Black-white gap mars endometrial cancer survival
African-American women with endometrial cancer continue to be more likely to die from the disease than their white counterparts, according to a new report.
“In our study, we noted that this survival differential has persisted over the last 15 years and there still remains a difference in survival,” Dr. Jason D. Wright told Reuters Health.
“The difference in survival doesn’t appear to be entirely due to difference in tumor types or stage between whites and blacks and also doesn’t appear to be entirely due to differences in treatment,” explained Wright, at Columbia University College of Physicians and Surgeons in New York. “This implies there may be differences in the underlying biology of endometrial cancer between whites and blacks.”
The findings stem from data on 80,915 patients with uterine cancer recorded in a national database. Seven percent of the patients were African American. The investigators divided the data into three groups based on when women were diagnosed: 1988-1993, 1994-1998, and 1999-2004.
Black patients, the researchers found, were significantly younger and had more advanced and more aggressive tumors than white women.

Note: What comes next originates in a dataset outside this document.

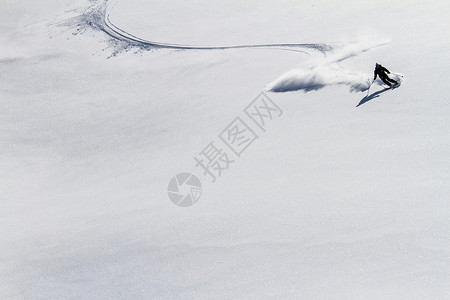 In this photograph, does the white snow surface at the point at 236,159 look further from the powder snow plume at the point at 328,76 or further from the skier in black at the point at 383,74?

Wright’s team also observed that black women were 60 percent more likely to die from the cancer than white women. For each of the three time periods, survival was worse for blacks than for whites, they report.
“I think the take-home point,” Wright said, “is that despite improvements in diagnosis and treatment for endometrial cancer, black women are still at increased risk to die from their cancer and we need consider that black women have aggressive tumors when planning treatment.”